-- DATA RECORDS --
================================
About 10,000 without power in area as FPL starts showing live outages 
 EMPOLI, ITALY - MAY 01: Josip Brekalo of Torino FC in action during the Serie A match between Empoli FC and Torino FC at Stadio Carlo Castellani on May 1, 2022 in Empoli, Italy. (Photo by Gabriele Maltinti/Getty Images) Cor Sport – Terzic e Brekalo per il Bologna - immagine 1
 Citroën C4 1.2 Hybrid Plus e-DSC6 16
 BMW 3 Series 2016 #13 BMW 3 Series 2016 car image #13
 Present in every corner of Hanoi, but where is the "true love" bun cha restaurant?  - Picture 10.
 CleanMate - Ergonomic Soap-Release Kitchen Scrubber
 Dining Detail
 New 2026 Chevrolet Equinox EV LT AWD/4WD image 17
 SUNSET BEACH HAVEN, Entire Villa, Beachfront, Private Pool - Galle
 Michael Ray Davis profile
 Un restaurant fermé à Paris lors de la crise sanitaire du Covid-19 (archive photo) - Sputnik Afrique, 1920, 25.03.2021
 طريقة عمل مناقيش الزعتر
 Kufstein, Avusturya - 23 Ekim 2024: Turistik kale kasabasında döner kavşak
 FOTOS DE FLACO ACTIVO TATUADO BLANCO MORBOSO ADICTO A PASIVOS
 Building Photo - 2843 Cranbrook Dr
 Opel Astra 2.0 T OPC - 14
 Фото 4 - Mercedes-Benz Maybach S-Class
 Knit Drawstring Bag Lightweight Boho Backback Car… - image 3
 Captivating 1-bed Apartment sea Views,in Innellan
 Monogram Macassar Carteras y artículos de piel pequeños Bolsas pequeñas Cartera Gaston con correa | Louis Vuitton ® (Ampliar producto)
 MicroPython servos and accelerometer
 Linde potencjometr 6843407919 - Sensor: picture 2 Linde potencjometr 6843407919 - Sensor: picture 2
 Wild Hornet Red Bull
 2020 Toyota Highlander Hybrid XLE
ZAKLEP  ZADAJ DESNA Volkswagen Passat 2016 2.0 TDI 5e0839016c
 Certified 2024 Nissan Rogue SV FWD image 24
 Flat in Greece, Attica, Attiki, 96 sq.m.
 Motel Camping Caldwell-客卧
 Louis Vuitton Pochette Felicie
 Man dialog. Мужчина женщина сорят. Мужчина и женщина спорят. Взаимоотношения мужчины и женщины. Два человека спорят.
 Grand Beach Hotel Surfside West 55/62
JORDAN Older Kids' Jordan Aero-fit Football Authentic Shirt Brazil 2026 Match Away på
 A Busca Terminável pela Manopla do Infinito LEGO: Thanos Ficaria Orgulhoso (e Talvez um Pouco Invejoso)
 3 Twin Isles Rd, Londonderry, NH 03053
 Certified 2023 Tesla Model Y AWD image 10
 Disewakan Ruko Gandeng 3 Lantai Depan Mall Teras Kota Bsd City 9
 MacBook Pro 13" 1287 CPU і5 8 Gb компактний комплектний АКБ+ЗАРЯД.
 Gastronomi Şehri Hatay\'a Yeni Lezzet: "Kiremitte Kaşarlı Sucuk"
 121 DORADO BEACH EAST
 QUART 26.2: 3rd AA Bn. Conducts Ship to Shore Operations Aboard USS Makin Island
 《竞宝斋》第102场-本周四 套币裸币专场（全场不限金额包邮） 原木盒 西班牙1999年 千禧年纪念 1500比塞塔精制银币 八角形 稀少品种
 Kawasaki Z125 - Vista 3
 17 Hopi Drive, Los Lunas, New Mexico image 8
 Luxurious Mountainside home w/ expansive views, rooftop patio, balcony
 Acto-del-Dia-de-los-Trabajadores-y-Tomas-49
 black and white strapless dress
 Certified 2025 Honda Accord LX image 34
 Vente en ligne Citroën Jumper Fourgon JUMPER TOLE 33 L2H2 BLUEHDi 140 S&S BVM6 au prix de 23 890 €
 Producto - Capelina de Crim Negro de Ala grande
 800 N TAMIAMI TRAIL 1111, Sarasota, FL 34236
================================
-- ASSIGNMENT --
Review the material and copy each line in which the word "Louis" appears.

-- WRITTEN REPLY --
 Monogram Macassar Carteras y artículos de piel pequeños Bolsas pequeñas Cartera Gaston con correa | Louis Vuitton ® (Ampliar producto)
 Louis Vuitton Pochette Felicie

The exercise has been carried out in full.